[What this task involves]:
What are the lines from the one containing "1~5PCS Set Colorful" through the last line of the records below? Return them exactly, leaving out pictures.
-------- Data in this exercise
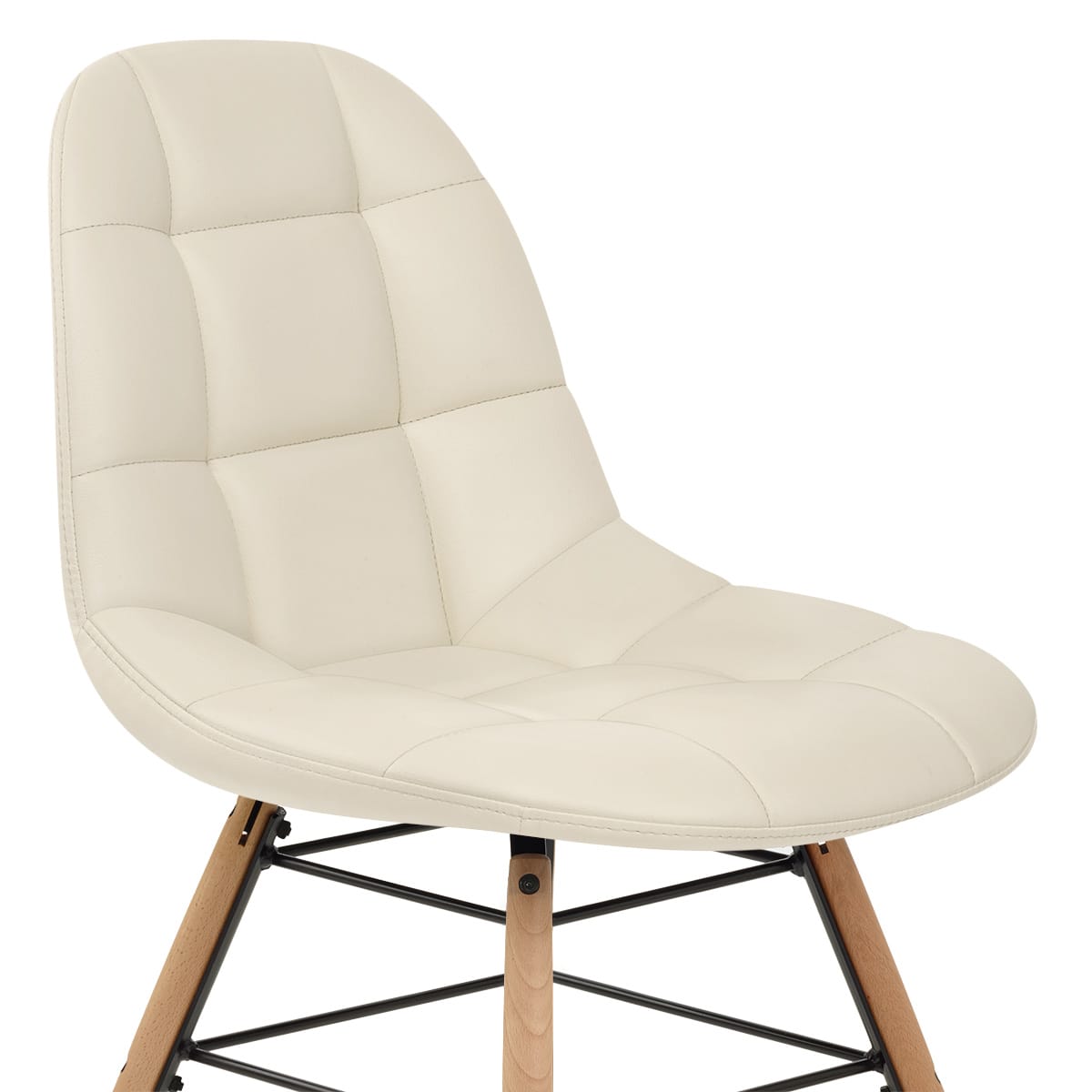 Sedia Ecopelle Legno - Tate Crema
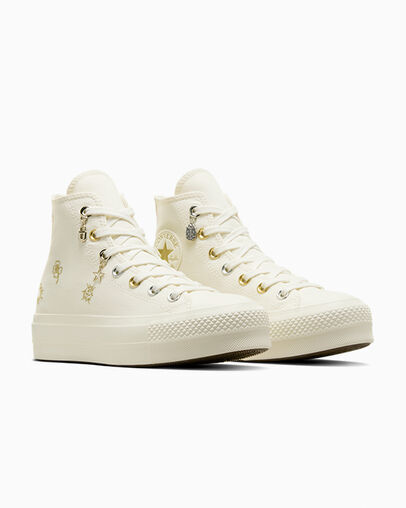 White / Gold / Silver Converse Chuck Taylor All Star Lift Women Platform Shoes Singapore | C-56127389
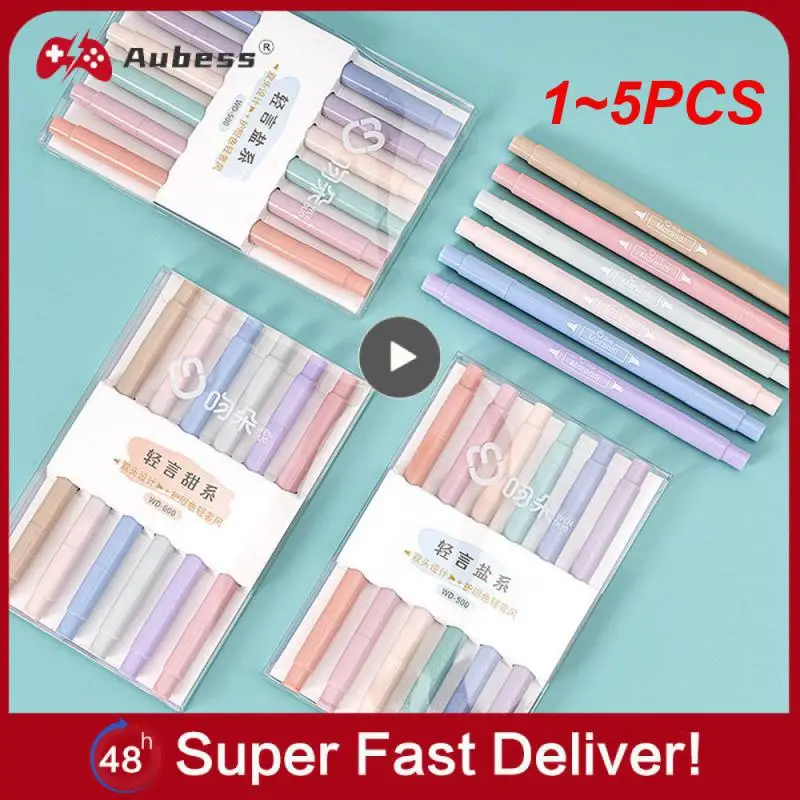 

1~5PCS Set Colorful Highlighter Pen Candy pen Double Head Marker Stationery Hilighter Art Marker Student Marker Pen color gel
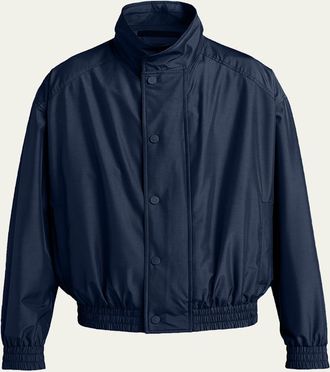 Giorgio Armani Mens Oversized Snap-Front Bomber Jacket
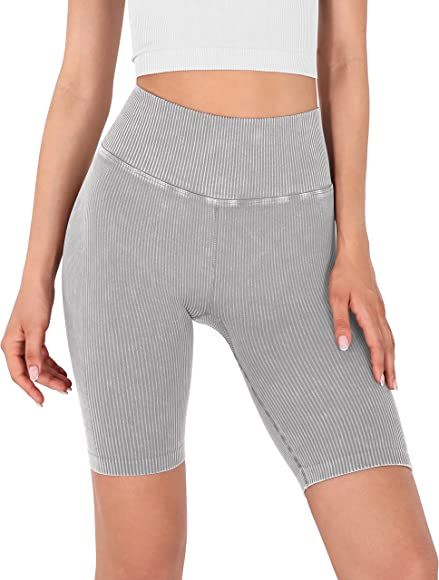 ODODOS Seamless Yoga Shorts for Women, High Waist Butt Lifting Acid Washed Ribbed Workout Gym Run... | Amazon (US)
----------------
[Output of the task]:
1~5PCS Set Colorful Highlighter Pen Candy pen Double Head Marker Stationery Hilighter Art Marker Student Marker Pen color gel
 Giorgio Armani Mens Oversized Snap-Front Bomber Jacket
 ODODOS Seamless Yoga Shorts for Women, High Waist Butt Lifting Acid Washed Ribbed Workout Gym Run... | Amazon (US)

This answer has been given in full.